BEGIN

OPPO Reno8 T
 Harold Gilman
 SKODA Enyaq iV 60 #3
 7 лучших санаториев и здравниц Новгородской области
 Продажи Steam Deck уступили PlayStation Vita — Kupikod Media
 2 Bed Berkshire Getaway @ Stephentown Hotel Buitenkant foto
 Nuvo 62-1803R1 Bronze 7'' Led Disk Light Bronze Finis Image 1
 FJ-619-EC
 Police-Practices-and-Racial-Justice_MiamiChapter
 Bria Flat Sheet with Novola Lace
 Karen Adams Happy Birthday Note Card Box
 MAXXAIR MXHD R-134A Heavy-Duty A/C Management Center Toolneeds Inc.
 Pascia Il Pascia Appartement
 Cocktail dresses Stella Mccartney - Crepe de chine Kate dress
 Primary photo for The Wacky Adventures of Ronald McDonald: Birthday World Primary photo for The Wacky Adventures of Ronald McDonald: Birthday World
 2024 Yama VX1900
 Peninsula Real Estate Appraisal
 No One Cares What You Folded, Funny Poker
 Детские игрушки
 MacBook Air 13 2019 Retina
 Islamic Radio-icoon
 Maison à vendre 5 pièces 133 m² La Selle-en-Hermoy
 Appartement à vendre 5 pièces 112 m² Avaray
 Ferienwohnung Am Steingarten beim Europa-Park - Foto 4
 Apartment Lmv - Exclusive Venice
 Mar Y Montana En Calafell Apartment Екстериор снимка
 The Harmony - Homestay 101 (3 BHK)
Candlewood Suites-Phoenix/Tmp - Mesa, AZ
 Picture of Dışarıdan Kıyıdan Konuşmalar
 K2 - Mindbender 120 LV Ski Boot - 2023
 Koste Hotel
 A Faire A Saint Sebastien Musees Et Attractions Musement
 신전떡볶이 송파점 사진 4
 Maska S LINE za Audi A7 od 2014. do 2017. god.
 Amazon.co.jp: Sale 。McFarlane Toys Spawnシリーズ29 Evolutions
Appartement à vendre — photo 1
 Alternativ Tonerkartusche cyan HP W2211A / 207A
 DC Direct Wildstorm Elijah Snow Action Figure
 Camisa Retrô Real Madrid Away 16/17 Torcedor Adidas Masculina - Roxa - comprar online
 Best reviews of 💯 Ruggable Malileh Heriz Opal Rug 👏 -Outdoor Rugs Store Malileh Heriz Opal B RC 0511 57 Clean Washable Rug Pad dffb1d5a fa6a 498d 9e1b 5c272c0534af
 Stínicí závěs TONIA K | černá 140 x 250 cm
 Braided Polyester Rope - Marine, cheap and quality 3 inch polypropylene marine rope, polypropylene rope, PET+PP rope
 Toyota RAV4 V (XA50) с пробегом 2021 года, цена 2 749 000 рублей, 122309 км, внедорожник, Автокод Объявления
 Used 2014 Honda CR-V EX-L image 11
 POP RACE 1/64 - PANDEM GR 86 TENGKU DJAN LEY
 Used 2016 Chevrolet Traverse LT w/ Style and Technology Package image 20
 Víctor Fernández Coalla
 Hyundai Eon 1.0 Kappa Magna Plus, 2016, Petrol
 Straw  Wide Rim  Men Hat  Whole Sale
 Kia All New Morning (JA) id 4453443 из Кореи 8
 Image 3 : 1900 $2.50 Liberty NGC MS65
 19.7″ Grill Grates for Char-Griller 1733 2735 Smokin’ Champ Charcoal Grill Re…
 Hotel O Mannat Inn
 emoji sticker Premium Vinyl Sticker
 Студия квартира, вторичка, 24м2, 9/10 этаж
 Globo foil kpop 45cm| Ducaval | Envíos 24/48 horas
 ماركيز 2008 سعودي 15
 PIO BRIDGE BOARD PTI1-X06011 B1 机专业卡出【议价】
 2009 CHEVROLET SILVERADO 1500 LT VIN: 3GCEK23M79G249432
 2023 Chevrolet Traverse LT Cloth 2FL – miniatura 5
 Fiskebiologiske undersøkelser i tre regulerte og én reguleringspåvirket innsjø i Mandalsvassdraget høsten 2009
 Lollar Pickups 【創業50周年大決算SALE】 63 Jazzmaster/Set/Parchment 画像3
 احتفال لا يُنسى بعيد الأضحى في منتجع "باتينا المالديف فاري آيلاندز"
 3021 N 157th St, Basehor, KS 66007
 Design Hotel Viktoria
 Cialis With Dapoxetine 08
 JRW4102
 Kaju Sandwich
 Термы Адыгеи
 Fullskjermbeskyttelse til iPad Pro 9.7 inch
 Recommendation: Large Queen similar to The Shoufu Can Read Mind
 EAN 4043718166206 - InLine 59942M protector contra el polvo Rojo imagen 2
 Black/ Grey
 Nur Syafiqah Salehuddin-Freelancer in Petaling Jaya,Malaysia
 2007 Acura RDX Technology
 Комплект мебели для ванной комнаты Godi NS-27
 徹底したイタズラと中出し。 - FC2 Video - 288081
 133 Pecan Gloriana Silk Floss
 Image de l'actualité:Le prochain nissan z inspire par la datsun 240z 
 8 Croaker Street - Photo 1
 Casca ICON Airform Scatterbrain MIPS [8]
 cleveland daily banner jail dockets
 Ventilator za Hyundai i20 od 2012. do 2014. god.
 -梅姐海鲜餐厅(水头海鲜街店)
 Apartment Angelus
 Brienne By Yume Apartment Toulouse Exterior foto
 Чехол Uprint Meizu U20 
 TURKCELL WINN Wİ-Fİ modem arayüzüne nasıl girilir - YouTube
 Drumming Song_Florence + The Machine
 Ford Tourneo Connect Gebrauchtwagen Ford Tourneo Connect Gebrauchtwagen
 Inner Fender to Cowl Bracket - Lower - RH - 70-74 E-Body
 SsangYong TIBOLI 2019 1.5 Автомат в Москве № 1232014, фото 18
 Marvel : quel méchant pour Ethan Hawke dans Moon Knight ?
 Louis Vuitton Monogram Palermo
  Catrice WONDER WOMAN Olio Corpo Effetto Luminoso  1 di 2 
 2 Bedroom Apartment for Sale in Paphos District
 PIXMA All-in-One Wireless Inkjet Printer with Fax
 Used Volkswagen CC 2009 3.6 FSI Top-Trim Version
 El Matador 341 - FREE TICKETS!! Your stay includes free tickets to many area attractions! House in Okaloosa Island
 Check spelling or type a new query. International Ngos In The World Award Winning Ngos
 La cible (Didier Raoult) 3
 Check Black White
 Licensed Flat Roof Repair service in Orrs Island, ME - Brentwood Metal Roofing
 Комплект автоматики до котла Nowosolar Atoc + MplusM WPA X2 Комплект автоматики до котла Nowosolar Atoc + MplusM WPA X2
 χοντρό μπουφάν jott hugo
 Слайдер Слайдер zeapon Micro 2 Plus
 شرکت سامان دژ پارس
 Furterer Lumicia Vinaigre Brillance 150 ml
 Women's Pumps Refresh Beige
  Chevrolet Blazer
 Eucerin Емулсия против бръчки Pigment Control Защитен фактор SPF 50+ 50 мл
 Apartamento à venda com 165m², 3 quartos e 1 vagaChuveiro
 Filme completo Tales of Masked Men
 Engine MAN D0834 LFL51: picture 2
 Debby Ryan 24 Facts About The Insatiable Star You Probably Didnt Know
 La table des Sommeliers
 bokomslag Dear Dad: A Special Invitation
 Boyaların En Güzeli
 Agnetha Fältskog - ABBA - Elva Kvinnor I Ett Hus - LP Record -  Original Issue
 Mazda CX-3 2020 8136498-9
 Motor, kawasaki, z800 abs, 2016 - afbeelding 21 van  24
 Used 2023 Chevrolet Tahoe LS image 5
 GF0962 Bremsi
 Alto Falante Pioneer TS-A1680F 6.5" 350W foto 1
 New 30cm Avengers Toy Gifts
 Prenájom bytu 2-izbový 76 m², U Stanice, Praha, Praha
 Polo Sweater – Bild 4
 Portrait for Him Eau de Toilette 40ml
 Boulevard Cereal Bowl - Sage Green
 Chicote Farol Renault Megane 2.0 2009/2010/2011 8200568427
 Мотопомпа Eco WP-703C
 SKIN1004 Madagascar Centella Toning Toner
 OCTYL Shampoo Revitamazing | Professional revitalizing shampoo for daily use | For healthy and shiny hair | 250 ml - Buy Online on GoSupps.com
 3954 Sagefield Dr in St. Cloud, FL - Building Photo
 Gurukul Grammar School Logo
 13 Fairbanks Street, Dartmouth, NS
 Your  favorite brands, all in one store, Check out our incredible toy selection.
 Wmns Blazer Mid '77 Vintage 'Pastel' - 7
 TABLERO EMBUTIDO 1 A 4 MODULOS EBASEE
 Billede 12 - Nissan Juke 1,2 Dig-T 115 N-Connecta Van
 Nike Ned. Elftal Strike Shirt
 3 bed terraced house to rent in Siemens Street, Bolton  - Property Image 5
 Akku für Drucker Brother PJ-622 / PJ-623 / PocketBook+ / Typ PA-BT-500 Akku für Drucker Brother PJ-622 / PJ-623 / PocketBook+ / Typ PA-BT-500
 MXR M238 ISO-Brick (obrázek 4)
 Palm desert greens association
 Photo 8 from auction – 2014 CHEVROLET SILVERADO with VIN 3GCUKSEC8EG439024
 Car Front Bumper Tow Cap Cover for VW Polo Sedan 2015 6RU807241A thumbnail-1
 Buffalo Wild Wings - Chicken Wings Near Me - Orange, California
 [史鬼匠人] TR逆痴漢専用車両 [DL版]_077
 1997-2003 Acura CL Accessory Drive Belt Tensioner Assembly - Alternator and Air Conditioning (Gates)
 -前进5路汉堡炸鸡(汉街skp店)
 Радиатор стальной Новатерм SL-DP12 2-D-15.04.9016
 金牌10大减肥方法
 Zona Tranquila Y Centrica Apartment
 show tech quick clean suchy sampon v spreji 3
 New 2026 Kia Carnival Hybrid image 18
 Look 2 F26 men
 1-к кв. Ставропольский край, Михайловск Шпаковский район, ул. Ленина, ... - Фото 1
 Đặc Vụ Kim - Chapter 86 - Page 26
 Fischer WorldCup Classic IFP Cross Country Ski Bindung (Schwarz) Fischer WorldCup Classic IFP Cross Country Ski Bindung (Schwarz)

END

Required action -> Each line from the start of the listing above through the line containing "Maison à vendre" should be copied exactly, please, with no other lines added.

Completed exercise ->
OPPO Reno8 T
 Harold Gilman
 SKODA Enyaq iV 60 #3
 7 лучших санаториев и здравниц Новгородской области
 Продажи Steam Deck уступили PlayStation Vita — Kupikod Media
 2 Bed Berkshire Getaway @ Stephentown Hotel Buitenkant foto
 Nuvo 62-1803R1 Bronze 7'' Led Disk Light Bronze Finis Image 1
 FJ-619-EC
 Police-Practices-and-Racial-Justice_MiamiChapter
 Bria Flat Sheet with Novola Lace
 Karen Adams Happy Birthday Note Card Box
 MAXXAIR MXHD R-134A Heavy-Duty A/C Management Center Toolneeds Inc.
 Pascia Il Pascia Appartement
 Cocktail dresses Stella Mccartney - Crepe de chine Kate dress
 Primary photo for The Wacky Adventures of Ronald McDonald: Birthday World Primary photo for The Wacky Adventures of Ronald McDonald: Birthday World
 2024 Yama VX1900
 Peninsula Real Estate Appraisal
 No One Cares What You Folded, Funny Poker
 Детские игрушки
 MacBook Air 13 2019 Retina
 Islamic Radio-icoon
 Maison à vendre 5 pièces 133 m² La Selle-en-Hermoy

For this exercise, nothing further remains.